Districts are also being prodded by the availability of competitive education grants through the American Recovery and Reinvestment Act, the federal economic-stimulus law that has placed an emphasis on the goals those cities are pursuing, including stronger teacher evaluations and turnarounds of low-performing schools.
States have also gotten in on the action. Massachusetts announced last week that it may use a new state law designed to address persistently failing schools to take over 35 low-performing schools, primarily in Boston and Springfield, if they do not improve.
Kansas City Shake-Up
The move to shutter nearly half of Kansas City’s schools “should have come as no surprise for citizens of the community,” said Superintendent Covington, whose district saw a 50 percent decrease in enrollment over the past decade. “We have known for years this is a decision that needed to be made.”
The Kansas City plans also call for laying off about 700 of the district’s 3,000 employees. About 285 teachers are expected to be included in the layoffs.
But the shake-up is only the beginning of the district’s plans, Mr. Covington said.
While the cuts in buildings and staffing allow the district to avoid a $50 million deficit in its $300 million budget, the district plans to make more cuts and use the resulting savings to help pay for its academic-transformation plan, which is to be unveiled later this month. Mr. Covington said that plan will include performance-based pay for teachers, individualized education plans for students, and an end to social promotion of students.

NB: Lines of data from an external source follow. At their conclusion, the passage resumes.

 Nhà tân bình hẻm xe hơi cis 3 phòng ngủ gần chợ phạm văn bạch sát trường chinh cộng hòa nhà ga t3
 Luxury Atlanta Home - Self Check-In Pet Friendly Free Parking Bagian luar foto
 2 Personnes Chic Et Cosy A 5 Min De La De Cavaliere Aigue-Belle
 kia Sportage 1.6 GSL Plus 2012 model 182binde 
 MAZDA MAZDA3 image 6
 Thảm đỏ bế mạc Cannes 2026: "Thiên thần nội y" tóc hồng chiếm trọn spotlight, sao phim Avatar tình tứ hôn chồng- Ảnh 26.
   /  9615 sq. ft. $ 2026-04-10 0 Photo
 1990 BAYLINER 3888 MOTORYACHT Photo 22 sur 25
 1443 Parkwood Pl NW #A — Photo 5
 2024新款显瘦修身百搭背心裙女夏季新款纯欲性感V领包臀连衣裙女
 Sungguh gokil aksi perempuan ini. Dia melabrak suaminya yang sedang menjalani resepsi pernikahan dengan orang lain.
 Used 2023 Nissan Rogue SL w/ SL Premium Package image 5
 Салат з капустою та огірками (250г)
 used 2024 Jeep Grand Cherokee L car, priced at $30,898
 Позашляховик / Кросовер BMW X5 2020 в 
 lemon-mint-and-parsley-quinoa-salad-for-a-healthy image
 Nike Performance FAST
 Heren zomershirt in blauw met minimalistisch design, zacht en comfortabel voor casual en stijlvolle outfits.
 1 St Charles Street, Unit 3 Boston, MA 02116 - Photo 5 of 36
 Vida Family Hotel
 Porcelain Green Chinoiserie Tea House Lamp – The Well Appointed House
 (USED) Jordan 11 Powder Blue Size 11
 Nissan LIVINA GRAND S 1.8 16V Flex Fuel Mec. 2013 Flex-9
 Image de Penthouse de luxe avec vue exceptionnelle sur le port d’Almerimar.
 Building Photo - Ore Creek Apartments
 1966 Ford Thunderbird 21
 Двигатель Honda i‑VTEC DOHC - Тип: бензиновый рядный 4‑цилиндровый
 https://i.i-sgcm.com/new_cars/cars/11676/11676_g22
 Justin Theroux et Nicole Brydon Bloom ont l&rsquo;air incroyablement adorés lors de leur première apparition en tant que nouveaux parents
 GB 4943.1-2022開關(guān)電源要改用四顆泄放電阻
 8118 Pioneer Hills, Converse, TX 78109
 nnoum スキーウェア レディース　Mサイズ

“We are right-sizing the district not only for purposes of ensuring we are not spread too thin, but to ensure we have the ability to better utilize our financial and human resources in ways that lead to greater student academic achievement,” he said. “We can’t do that within the current structure.”
Such changes are long overdue, said Michael D. Casserly, the executive director of the Washington-based Council of the Great City Schools, an advocacy group representing more than 60 of the nation’s largest urban school districts.
The council issued an extensive report in the summer of 2006 on Kansas City’s academics and operations. The study found a district that suffered from high turnover, the lack of a clear vision, and a need to close underutilized facilities.
“They are operating too many buildings with too few systems, and it is bleeding the system dry,” Mr. Casserly said in an interview.
A mixture of school closings and program redevelopment is also at work in Cleveland.
“One of the reasons we wanted to do it was the need for comprehensive school reform—not just in terms of addressing the budgetary and student-enrollment challenges,” said Mr. Sanders, the schools chief.
The district is attempting to address a projected $52 million deficit for the 2010-11 school year in a budget of approximately $700 million. The school transformation plan, which is expected to cost about $70 million over three years, is also expected to produce $17 million in cost savings.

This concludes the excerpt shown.